# Chickens are four months old as of last week!



## poodlecrazy#1 (Jul 2, 2013)

NO! NO! NO! NO! NO! NOOOO! ??Rebekkah is definitely a rooster ??. There is no doubt in my mind, I am actually really surprised you haven't heard him crowing yet. I am so sad now, sHE was my favorite! That tail though is an epic growing rooster tail and he definitely has a great saddle growing. 
At least the others are all definitely hens. Glad to hear they are doing well, especially with this cold weather.


----------



## lily cd re (Jul 23, 2012)

Yes I knew you'd agree with my sad conclusion. I have heard some loud noises but nothing that is a real crow. I am going to hope to keep Reb through the winter and then try to find a place to send him. He is really handsome isn't he?

When we first moved here I think there was a rooster nearby since we would hear crowing every morning. I wonder if I could try to keep him if I had one of those no crow collars. As a chick this was one of my most delicate little ones in the first couple of days. I thought sHe might not make it at one point. Part of me sort of wishes to have lost a little one rather than having to think about giving away a bird I have come to greatly adore.

Here is some video from this afternoon.

https://www.youtube.com/watch?v=zrMftx0csAc&index=1&list=UUvg0UyN051LpJ436IDB8KNQ


----------



## patk (Jun 13, 2013)

since i don't know anything about raising chickens, i won't comment on whether rebekah is a hen or a rooster. but i am interested in the no-crow collar. what is it and how is it supposed to work?


----------



## lily cd re (Jul 23, 2012)

Here is a link for the vendor where I first learned of it.
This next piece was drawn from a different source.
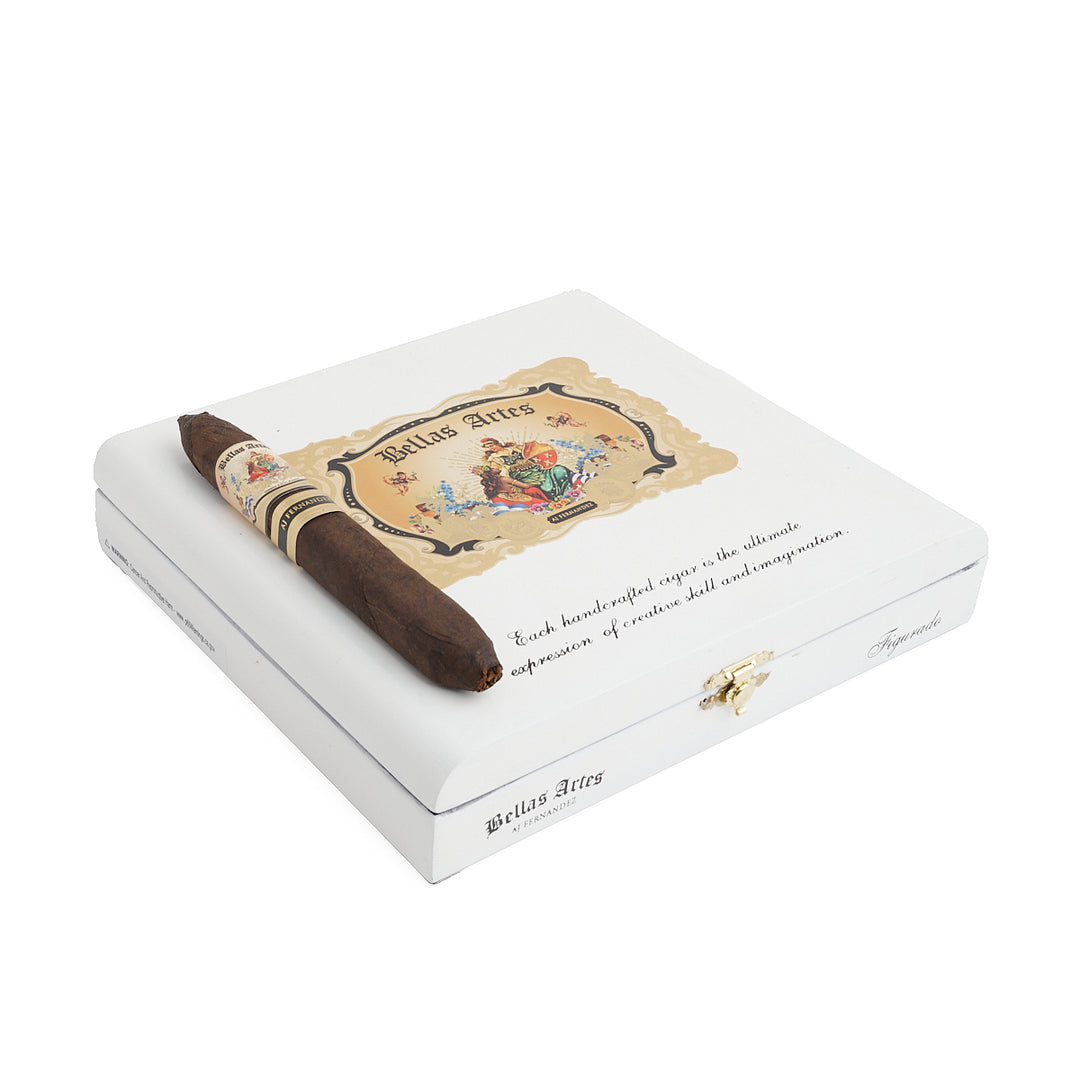 AJ Fernandez Bellas Artes Brazil Maduro Figurado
New! No-Crow Rooster Collar

And here is a blog by someone who has used it, which makes it sound both sad and effective. How to keep your rooster from crowing - no crow rooster collar


----------



## jenniferandtonks (Nov 17, 2014)

Reb is a handsome boy. hopefully, he won't develop his crow and you won't have to worry about no-crow collars or rehoming. never tried the no-crow collars. i'd be a bit concerned having one on when they are free-ranging unless you're right there and he's of the temperament to not panic while waiting for you to come extract him if he does get hung up on something.


----------



## lily cd re (Jul 23, 2012)

So far he is very mellow. That is one of the reasons I had been holding out that he was a she until that tail came in. I have a pretty easy time scooping all of them up since I raised them from new hatchlings. They have gotten some independence since I turned them outside, but since I worry over having a hawk take them I make sure that either me or me and Lily are outside when I let them out to range.
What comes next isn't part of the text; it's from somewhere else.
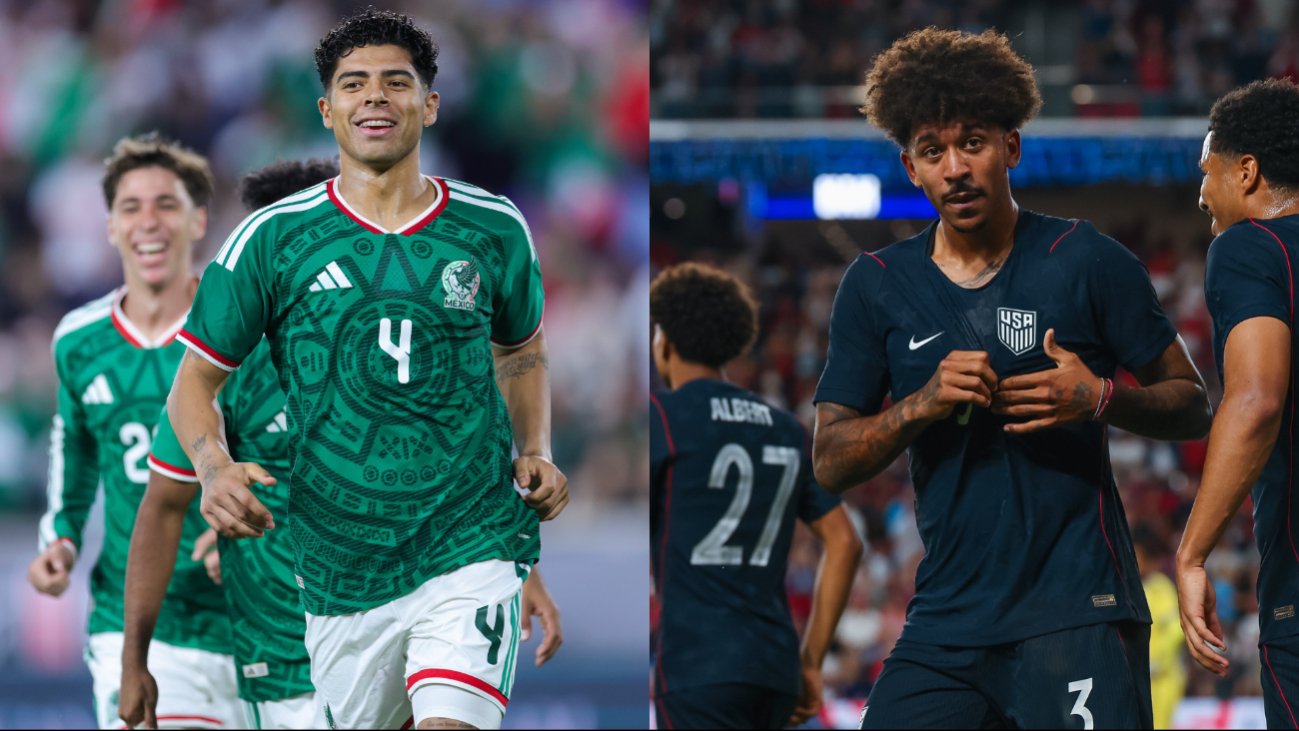El Tri se enfrenta a EU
I am still very sad about this since I am so unsure of whether I will be able to make it work to keep him. My town ordinance says no roosters (although I know there are plenty of roosters around). I feel like I found out somebody has a terminal illness.


----------



## MiniPoo (Mar 6, 2014)

Catherine, I am sorry that you are in this situation. I did not know when you got chicks, you have to wait until they grow up to see what sex they are. If that is so, guess you are lucky only one of them is a male.
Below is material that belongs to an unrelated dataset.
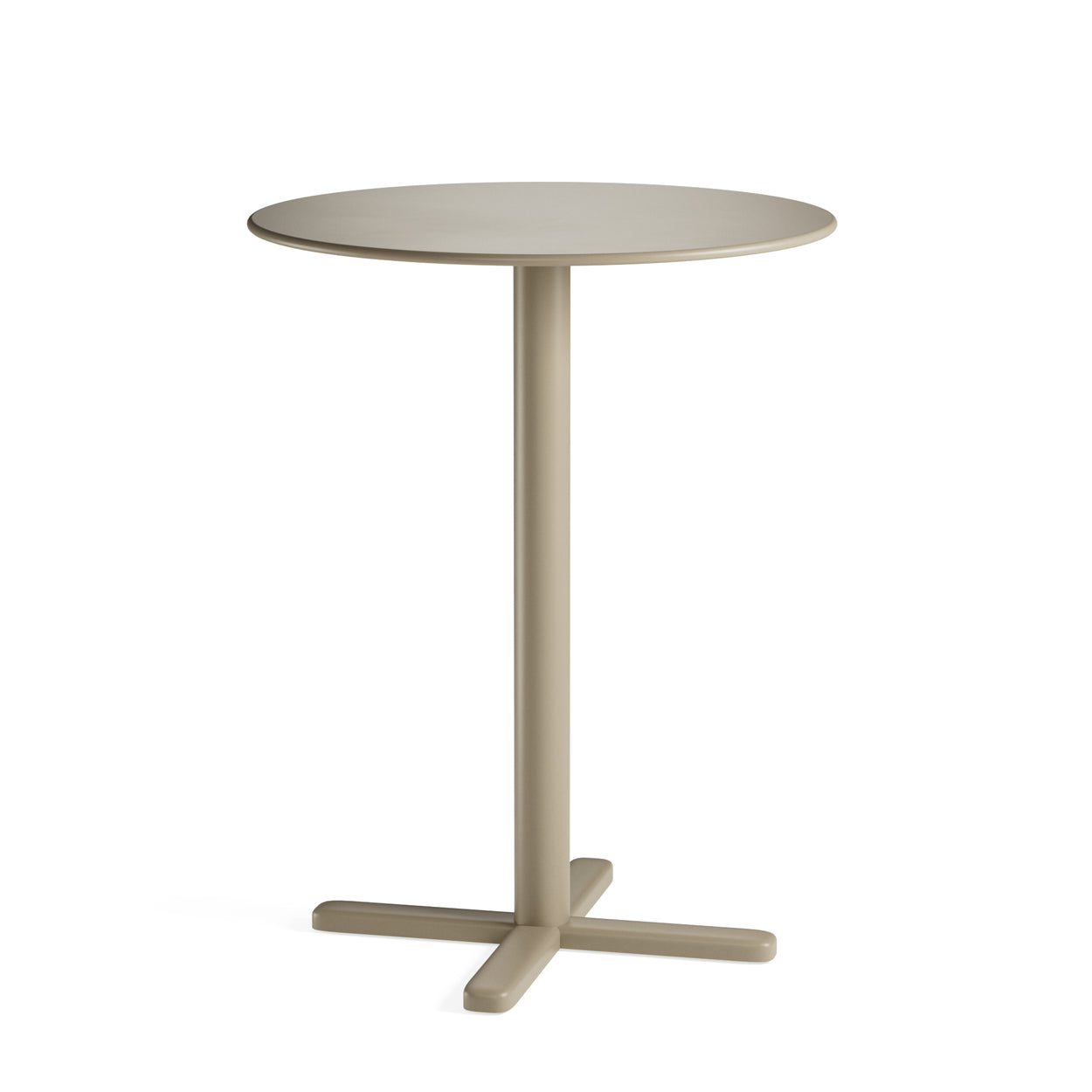 Darwin opklapbare Bartafel rond - 2 sizes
Hope you figure out a way to keep Reb (as we are calling him now). If not, maybe you know someone who can keep him and you can visit.


----------



## Suddenly (Aug 8, 2013)

Lily how cool it must be to raise hens. They are all beautiful.


----------



## poodlecrazy#1 (Jul 2, 2013)

I'm so sorry she turned out to be a he. It really is a bummer when that happens. I wish that I could find a way to get him across the states, I would be more than willing to keep that beautiful boy for you. Im sure he would enjoy my flock of hens ? there are plenty to go around for him. I have a homemade no crow collar on my rescue rooster. It works good for him (all roosters are different though) and muffles his crow quite well. It will loosen up after a while and I will have to tighten it but that is ok because it gives me a chance to check on his skin and feathers underneath. He does back up a lot trying to get out of it, I wonder if maybe I had more mesh and less Velcro if that might stop the backing up or if that is just how he handles it. 
I wonder if you can just keep him and see how it goes around your neighborhood. You have heard roosters before but not now? Talking to you neighbors might be a good idea to see if they will tolerate it. Are your yards and house close together?


----------



## lily cd re (Jul 23, 2012)

MiniPoo said:


> Catherine, I am sorry that you are in this situation. I did not know when you got chicks, you have to wait until they grow up to see what sex they are. If that is so, guess you are lucky only one of them is a male.
> 
> Hope you figure out a way to keep Reb (as we are calling him now). If not, maybe you know someone who can keep him and you can visit.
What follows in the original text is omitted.